■ Work task: Below is a listing. Set down exactly the lines from the one containing "Red ribbon isolated" through the one containing "Adjustable bamboo office", both ends included, and leave out the rest.

■ Exercise inputs:
------------------------------------
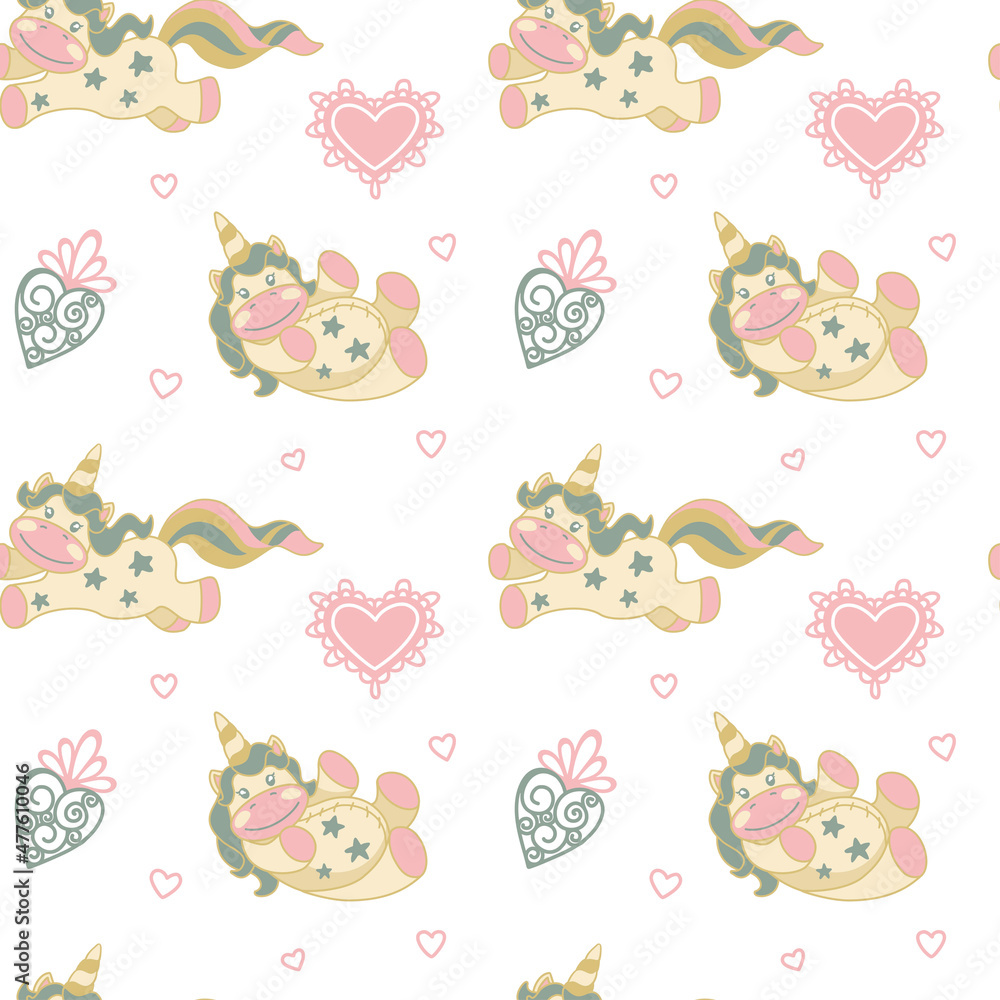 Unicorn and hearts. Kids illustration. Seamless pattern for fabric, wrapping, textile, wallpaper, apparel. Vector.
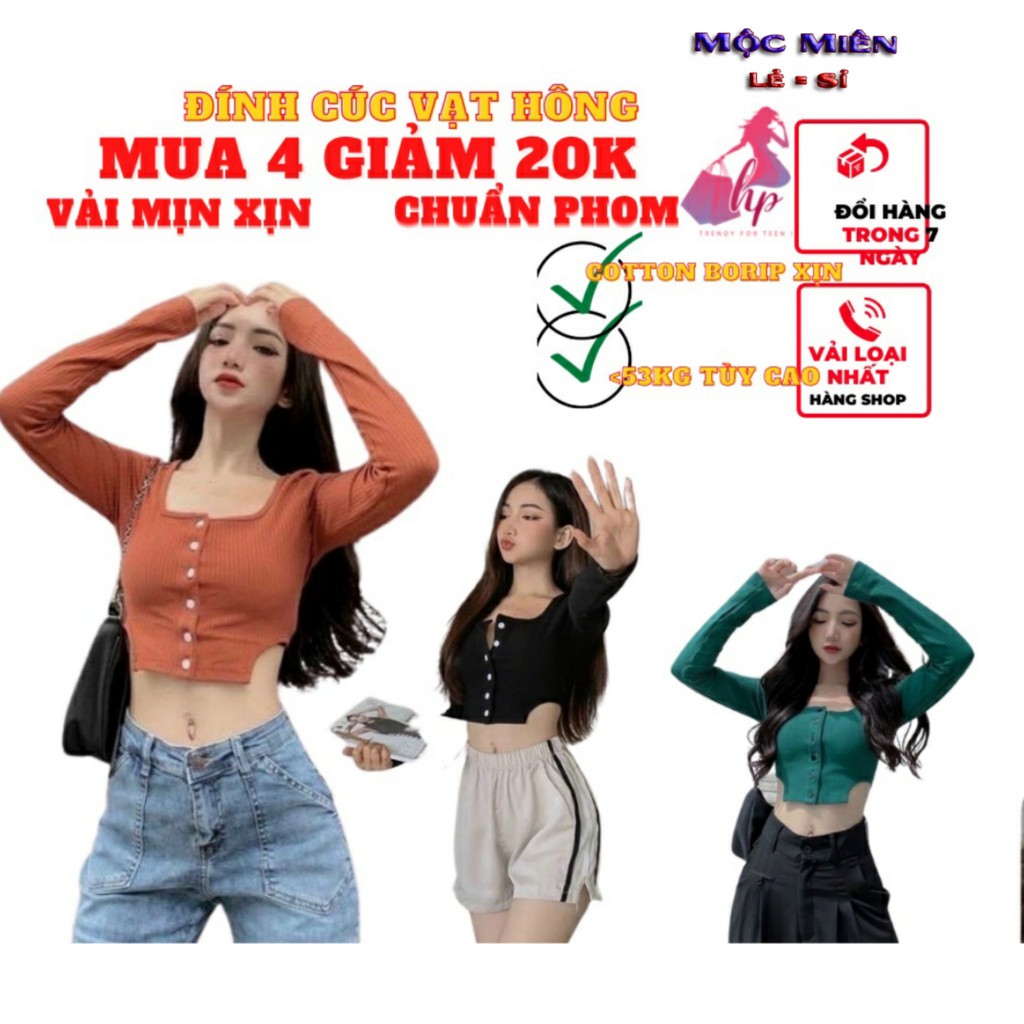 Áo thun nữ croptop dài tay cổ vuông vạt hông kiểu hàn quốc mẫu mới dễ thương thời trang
------------------------------------
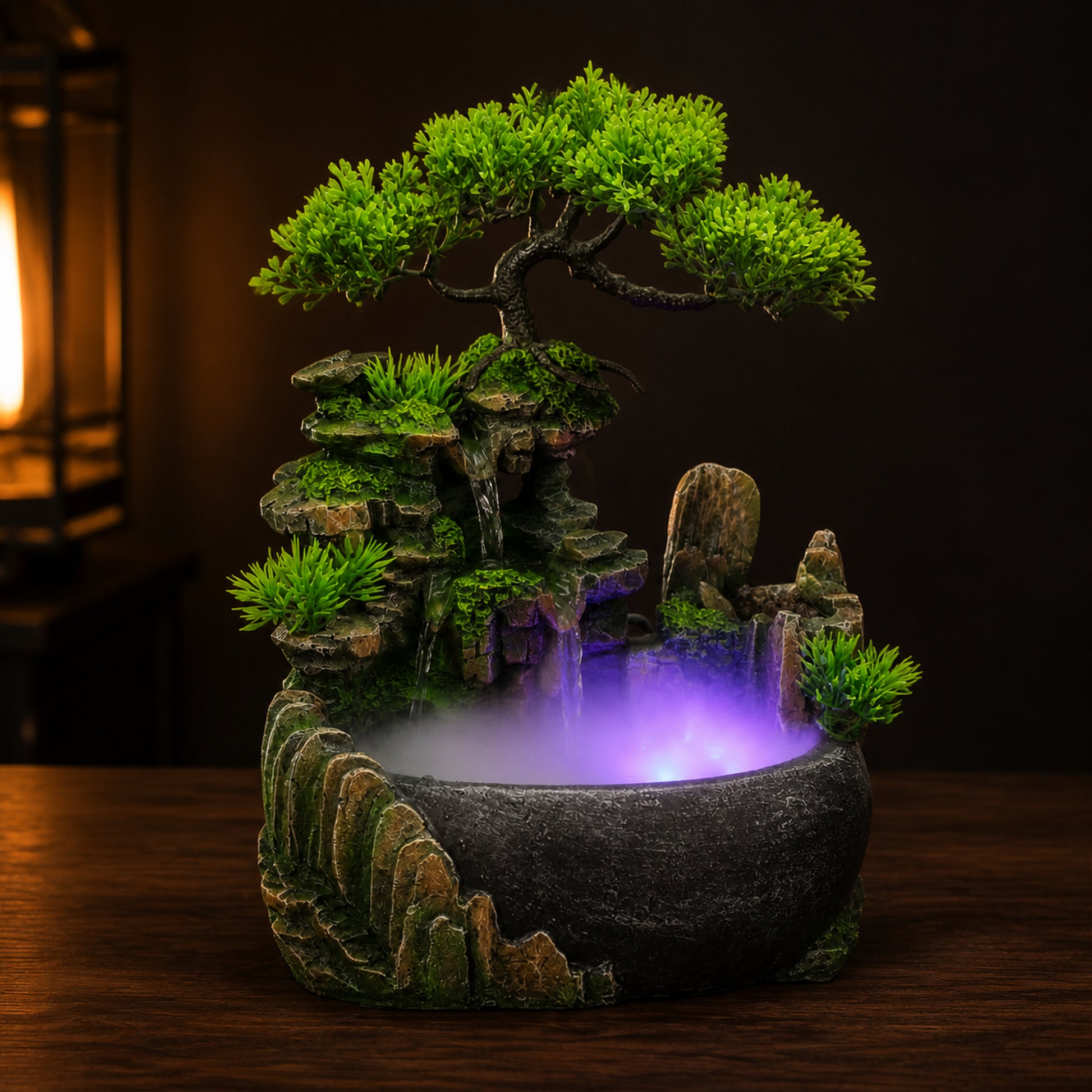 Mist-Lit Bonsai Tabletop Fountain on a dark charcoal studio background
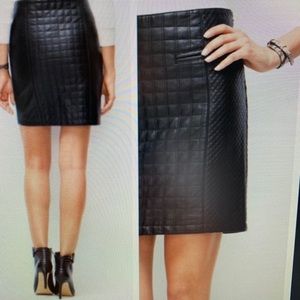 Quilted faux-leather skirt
------------------------------------
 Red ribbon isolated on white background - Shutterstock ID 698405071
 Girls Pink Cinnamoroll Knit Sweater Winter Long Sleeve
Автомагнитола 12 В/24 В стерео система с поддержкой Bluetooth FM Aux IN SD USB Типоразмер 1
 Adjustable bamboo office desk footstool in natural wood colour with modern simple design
------------------------------------
■ Completed exercise:
 Red ribbon isolated on white background - Shutterstock ID 698405071
 Girls Pink Cinnamoroll Knit Sweater Winter Long Sleeve
Автомагнитола 12 В/24 В стерео система с поддержкой Bluetooth FM Aux IN SD USB Типоразмер 1
 Adjustable bamboo office desk footstool in natural wood colour with modern simple design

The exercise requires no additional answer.